Le Premier ministre Keir Starmer, partisan du maintien dans l’UE en 2016, veut démontrer que cette relance profite concrètement aux Britanniques. Une manière de désamorcer les accusations de "trahison du Brexit", notamment de la part de Nigel Farage, leader de Reform UK. A Londres, Starmer doit conclure un accord d’alignement renforcé avec l’Union lors d’un sommet avec Ursula von der Leyen et Antonio Costa.

Le contexte mondial a changé depuis la sortie effective du Royaume-Uni en 2020. Au cœur de ce rapprochement : un pacte de défense et de sécurité qui permettrait aux entreprises britanniques d'accéder à un programme européen de réarmement de 150 milliards d’euros. Un enjeu majeur pour les industriels britanniques, confrontés depuis plusieurs années aux contraintes de la sortie du marché commun. 

Les négociations menées tout le week-end auraient abouti à un accord qui sera entériné aujourd'hui. 

Export, Erasmus et formalités allégées

Ce réchauffement intervient dans un contexte géopolitique instable : offensive russe en Ukraine, menaces sur l’ordre international portées par Donald Trump… Autant d’éléments qui poussent les capitales à renforcer leurs partenariats stratégiques.

Le Royaume-Uni a récemment signé un accord commercial avec l’Inde et obtenu des allègements tarifaires des Etats-Unis. De son côté, l’UE accélère ses propres négociations avec des pays comme le Canada, le Japon ou Singapour.

Londres espère notamment réduire les contrôles aux frontières et la paperasserie qui freinent les exportations agroalimentaires. Autre mesure attendue : un accès facilité des Britanniques aux portiques électroniques dans les aéroports européens.

En contrepartie, le Royaume-Uni pourrait accepter un programme de mobilité pour les jeunes et envisager un retour dans Erasmus+. La France pousse aussi pour un accord de long terme sur la pêche, sujet toujours sensible depuis le Brexit.

Un exercice d’équilibriste pour Starmer

Le référendum de 2016 a profondément divisé le pays, sur l’immigration, la souveraineté ou le commerce. Depuis, cinq Premiers ministres se sont succédé, et les relations avec Bruxelles se sont dégradées.

Si une majorité de Britanniques regrettent aujourd’hui le Brexit, peu souhaitent revenir dans l’UE. Nigel Farage reste populaire, ce qui limite les marges de manœuvre de Starmer.

Mais le Premier ministre a su établir un lien solide avec Emmanuel Macron, notamment sur le dossier ukrainien. N’ayant pas été associé aux luttes politiques du Brexit, Starmer jouit d’un a priori plus favorable à Bruxelles.
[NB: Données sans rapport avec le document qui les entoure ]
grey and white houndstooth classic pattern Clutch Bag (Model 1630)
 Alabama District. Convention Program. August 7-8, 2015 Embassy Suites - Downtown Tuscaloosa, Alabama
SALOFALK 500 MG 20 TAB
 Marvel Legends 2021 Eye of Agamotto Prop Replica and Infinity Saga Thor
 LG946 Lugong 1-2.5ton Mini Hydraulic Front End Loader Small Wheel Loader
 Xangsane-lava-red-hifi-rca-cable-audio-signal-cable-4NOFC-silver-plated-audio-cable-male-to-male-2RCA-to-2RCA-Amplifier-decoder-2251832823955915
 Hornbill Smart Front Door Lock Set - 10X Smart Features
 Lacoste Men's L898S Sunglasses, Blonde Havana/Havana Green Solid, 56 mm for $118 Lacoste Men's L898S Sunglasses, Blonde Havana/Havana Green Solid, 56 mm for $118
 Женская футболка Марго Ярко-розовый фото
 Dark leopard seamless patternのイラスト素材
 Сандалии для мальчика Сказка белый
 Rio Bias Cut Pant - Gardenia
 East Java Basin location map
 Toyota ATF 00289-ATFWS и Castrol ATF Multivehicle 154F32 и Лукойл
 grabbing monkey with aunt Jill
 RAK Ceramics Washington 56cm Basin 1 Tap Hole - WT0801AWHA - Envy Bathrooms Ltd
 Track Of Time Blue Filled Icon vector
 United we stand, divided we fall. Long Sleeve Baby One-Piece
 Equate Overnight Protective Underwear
Des efforts mutuels qui pourraient porter leurs fruits

L’accord reste contraint par l’engagement de Starmer à ne pas réintégrer le marché unique ni l’union douanière. Il cherche toutefois un accès renforcé à certains secteurs, malgré la réticence de l’UE au "cherry picking" sans contreparties.

Pour alléger les règles sur les échanges alimentaires, Londres devra accepter un certain alignement sur les normes européennes. Starmer entend présenter cela comme un compromis utile pour faire baisser les prix.

Le volet pêche promet des tensions avec Farage, tandis que l’opposition conservatrice qualifie déjà la rencontre de "sommet de la reddition".

Un ancien conseiller commercial des deux côtés de la Manche estime qu’il faut "briser le tabou" de l’alignement réglementaire, au bénéfice des agriculteurs et des PME.

Selon les analystes, le volet défense équilibre l’accord et renforce sa légitimité. Comme le résume Allie Renison, ex-responsable du commerce au gouvernement britannique : "Quand les perturbations sont si visibles, toute réduction des frictions avec son principal partenaire va dans le bon sens."